I've thought about your question, and I don't think I have a good answer. (You have a knack for asking questions I have difficulty answering.) I think vanity plays a role. People like me like to feel superior by reading at books which seem difficult, alas. I only had a slight interest in "difficult" books before I started reading Bob Wilson. He got me interested in Finnegans Wake, Ulysses and The Cantos, and as with the tar baby, I've had trouble letting go of those books.
I think part of the appeal of these kind of texts come from their sense of humor, a kind which seems to only emerge out of this kind of chaos. (At one point late in The Cantos Pound say he'll have to study some Greek to write the poem, but so will the reader.) I also have a fascination with what kind of book fascinates those whose minds fascinate me.
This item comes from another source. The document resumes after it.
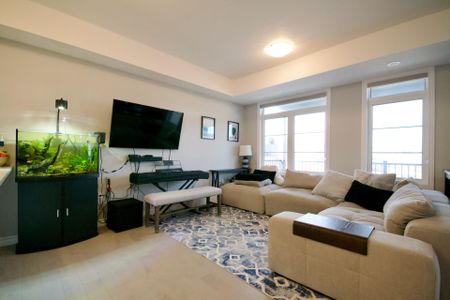 For Lease - 160 Oat Lane, Kitchener, Ontario - Photo 2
Bob remained fascinated by Finnegans Wake, Ulysses and The Cantos for decades, and Tim Leary remained fascinated by Gravity's Rainbow for twenty-plus years. I would like to understand what they saw in those books.
It struck me once thinking about the Jumping Jesus Phenomena that Joyce and Pound marked the first time that people lived through an information doubling, and they created styles of writing to try to deal with that experience.